**MATERIAL FOR THIS EXERCISE:**
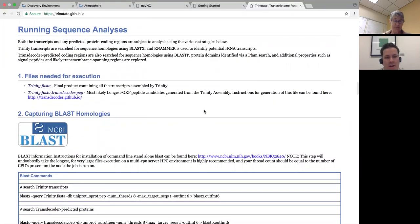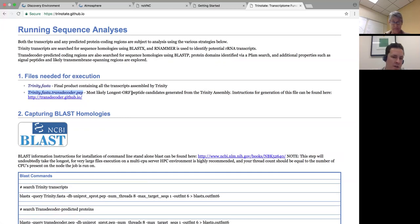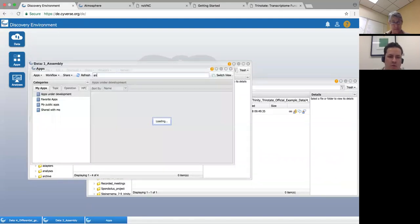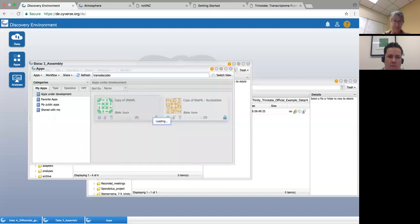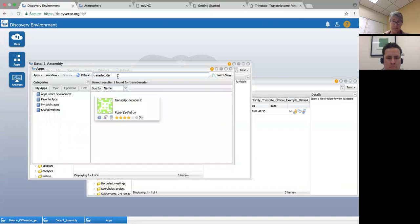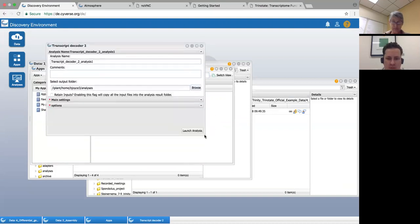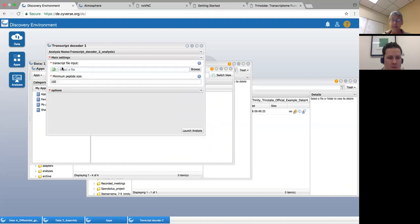That actually allows us to get right into running the app. All we need is the Trinity FASTA file we generated last time, and one more thing: we need to take that FASTA assembly and turn it into open reading frames. You can do that in the Discovery Environment, and that's my preferred method. If you go into apps and look for something called TransDecoder, you open it up — it's a very simple interface like we had seen before with some of the trimming apps.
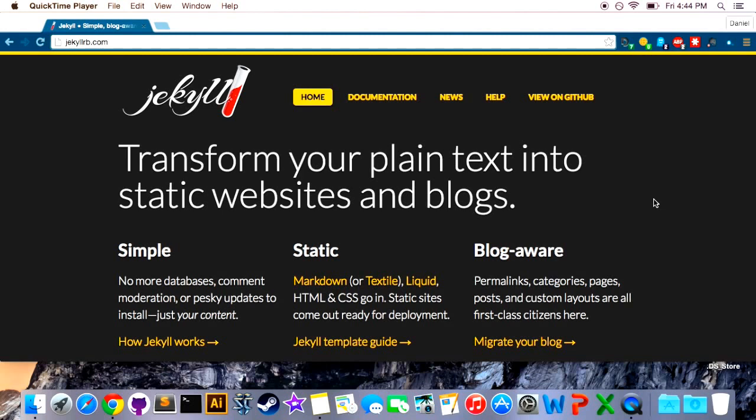But why should you care? Say you want to build a website like a personal blog or a portfolio or a site for your business, but you don't want to deal with another platform like WordPress or Blogger. Platforms like that are pretty easy to set up and get going but there's a lot of configuration that you have to do. You have to pay for a host unless you want advertising on your website which no one wants that.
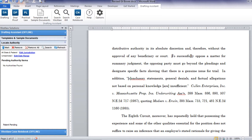Using Locate Authority, drafters can quickly identify the leading cases for a particular proposition of law stated in their document. You may have a brand new document and you need to find the right case to cite, or you may need to update your cited authority because a case is no longer good law.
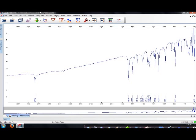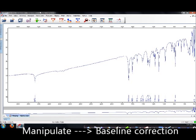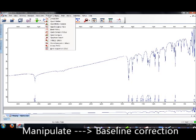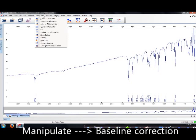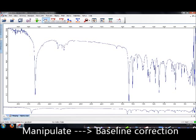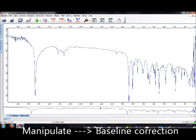If you wish to perform baseline correction, at the same spectrum, you can go to the top rows of tabs, click on Manipulate, and then Baseline Correction. And you'll see that your new IR spectrum looks a bit different from the one previously.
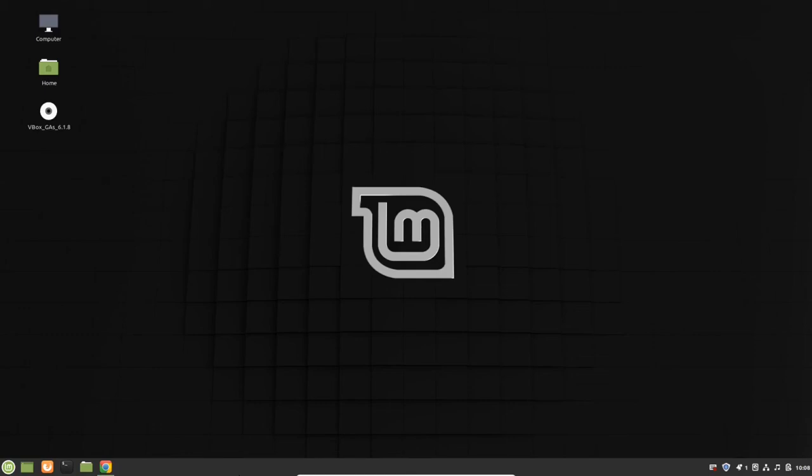Hello everybody, welcome to Linux video. If you're new to Linux and have installed it for the first time but don't know what to do next, in case you haven't installed Linux, you can see my video link in the description. You can watch that and install step by step.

**WHAT TO DO:**
In your copy of the records, include no pictures; repeat everything else exactly.

**RESPONSE TO THE TASK:**
That actually allows us to get right into running the app. All we need is the Trinity FASTA file we generated last time, and one more thing: we need to take that FASTA assembly and turn it into open reading frames. You can do that in the Discovery Environment, and that's my preferred method. If you go into apps and look for something called TransDecoder, you open it up — it's a very simple interface like we had seen before with some of the trimming apps.
But why should you care? Say you want to build a website like a personal blog or a portfolio or a site for your business, but you don't want to deal with another platform like WordPress or Blogger. Platforms like that are pretty easy to set up and get going but there's a lot of configuration that you have to do. You have to pay for a host unless you want advertising on your website which no one wants that.
Using Locate Authority, drafters can quickly identify the leading cases for a particular proposition of law stated in their document. You may have a brand new document and you need to find the right case to cite, or you may need to update your cited authority because a case is no longer good law.
If you wish to perform baseline correction, at the same spectrum, you can go to the top rows of tabs, click on Manipulate, and then Baseline Correction. And you'll see that your new IR spectrum looks a bit different from the one previously.
Hello everybody, welcome to Linux video. If you're new to Linux and have installed it for the first time but don't know what to do next, in case you haven't installed Linux, you can see my video link in the description. You can watch that and install step by step.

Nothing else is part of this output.